Short text fragments from websites:

• • • • •

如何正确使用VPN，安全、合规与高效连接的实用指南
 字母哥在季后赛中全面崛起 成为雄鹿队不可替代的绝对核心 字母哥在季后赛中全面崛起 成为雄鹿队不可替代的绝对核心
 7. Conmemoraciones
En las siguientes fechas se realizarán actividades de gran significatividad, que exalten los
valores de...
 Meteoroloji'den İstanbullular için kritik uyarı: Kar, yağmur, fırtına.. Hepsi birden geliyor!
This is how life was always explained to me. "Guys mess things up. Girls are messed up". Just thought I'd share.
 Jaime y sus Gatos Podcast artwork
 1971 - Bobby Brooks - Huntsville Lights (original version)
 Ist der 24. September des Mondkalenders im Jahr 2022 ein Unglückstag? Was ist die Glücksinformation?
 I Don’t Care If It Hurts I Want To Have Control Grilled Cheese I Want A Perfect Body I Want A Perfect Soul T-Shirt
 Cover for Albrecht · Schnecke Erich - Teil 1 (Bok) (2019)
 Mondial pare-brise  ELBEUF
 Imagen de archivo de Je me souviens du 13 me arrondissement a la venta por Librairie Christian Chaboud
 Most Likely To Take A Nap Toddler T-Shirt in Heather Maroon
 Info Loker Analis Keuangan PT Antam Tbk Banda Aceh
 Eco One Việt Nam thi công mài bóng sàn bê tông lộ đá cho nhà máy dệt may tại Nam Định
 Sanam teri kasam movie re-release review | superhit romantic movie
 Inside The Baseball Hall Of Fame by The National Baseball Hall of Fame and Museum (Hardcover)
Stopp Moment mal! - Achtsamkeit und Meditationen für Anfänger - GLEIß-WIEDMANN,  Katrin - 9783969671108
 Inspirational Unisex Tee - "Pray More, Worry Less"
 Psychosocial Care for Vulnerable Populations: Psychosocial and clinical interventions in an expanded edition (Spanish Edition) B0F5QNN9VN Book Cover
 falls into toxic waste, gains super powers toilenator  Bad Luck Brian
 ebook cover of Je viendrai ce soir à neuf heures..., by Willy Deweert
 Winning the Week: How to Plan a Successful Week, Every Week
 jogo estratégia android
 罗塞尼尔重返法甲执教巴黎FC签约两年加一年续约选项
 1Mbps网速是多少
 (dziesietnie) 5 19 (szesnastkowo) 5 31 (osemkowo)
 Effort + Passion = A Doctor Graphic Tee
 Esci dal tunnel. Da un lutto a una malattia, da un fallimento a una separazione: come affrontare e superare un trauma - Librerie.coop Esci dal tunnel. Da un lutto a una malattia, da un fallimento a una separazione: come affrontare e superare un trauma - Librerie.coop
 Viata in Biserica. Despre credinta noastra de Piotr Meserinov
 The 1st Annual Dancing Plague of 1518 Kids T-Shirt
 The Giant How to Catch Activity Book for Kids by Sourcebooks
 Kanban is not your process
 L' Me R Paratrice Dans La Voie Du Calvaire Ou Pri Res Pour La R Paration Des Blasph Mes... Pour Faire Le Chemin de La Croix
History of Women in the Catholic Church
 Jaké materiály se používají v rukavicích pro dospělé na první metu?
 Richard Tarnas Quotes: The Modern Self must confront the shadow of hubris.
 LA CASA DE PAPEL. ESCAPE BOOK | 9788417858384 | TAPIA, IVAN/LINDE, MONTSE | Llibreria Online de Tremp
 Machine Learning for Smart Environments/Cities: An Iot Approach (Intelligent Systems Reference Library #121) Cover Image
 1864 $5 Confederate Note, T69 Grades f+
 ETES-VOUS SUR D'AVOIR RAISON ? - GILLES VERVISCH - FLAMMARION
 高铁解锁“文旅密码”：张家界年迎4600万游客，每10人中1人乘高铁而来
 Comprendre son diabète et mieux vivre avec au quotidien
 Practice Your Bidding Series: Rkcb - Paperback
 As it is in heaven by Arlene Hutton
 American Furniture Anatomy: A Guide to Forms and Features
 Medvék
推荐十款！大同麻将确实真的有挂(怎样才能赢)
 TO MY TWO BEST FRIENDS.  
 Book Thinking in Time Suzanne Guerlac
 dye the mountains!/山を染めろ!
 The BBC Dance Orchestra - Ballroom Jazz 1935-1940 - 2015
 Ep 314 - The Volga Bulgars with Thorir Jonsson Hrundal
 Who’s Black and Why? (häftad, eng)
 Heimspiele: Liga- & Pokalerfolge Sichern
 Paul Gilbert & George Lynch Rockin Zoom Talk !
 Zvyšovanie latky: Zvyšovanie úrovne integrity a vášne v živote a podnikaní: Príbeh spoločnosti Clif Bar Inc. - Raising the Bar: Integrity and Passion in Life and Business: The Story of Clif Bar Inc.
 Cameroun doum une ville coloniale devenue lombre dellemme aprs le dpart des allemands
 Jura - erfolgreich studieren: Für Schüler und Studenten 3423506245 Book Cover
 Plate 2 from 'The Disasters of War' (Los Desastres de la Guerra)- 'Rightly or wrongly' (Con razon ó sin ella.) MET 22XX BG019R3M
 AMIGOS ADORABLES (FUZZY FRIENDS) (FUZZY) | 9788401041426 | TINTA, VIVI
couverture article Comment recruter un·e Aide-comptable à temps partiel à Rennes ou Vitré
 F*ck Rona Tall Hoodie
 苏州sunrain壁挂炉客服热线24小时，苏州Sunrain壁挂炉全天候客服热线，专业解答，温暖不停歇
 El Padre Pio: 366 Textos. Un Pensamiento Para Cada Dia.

• • • • •

**What you will do:** For this exercise, output exactly the lines above from the line with "Psychosocial Care for" to the line with "- Librerie.coop Esci", counting both, and leave out the rest.

**Reply:**
 Psychosocial Care for Vulnerable Populations: Psychosocial and clinical interventions in an expanded edition (Spanish Edition) B0F5QNN9VN Book Cover
 falls into toxic waste, gains super powers toilenator  Bad Luck Brian
 ebook cover of Je viendrai ce soir à neuf heures..., by Willy Deweert
 Winning the Week: How to Plan a Successful Week, Every Week
 jogo estratégia android
 罗塞尼尔重返法甲执教巴黎FC签约两年加一年续约选项
 1Mbps网速是多少
 (dziesietnie) 5 19 (szesnastkowo) 5 31 (osemkowo)
 Effort + Passion = A Doctor Graphic Tee
 Esci dal tunnel. Da un lutto a una malattia, da un fallimento a una separazione: come affrontare e superare un trauma - Librerie.coop Esci dal tunnel. Da un lutto a una malattia, da un fallimento a una separazione: come affrontare e superare un trauma - Librerie.coop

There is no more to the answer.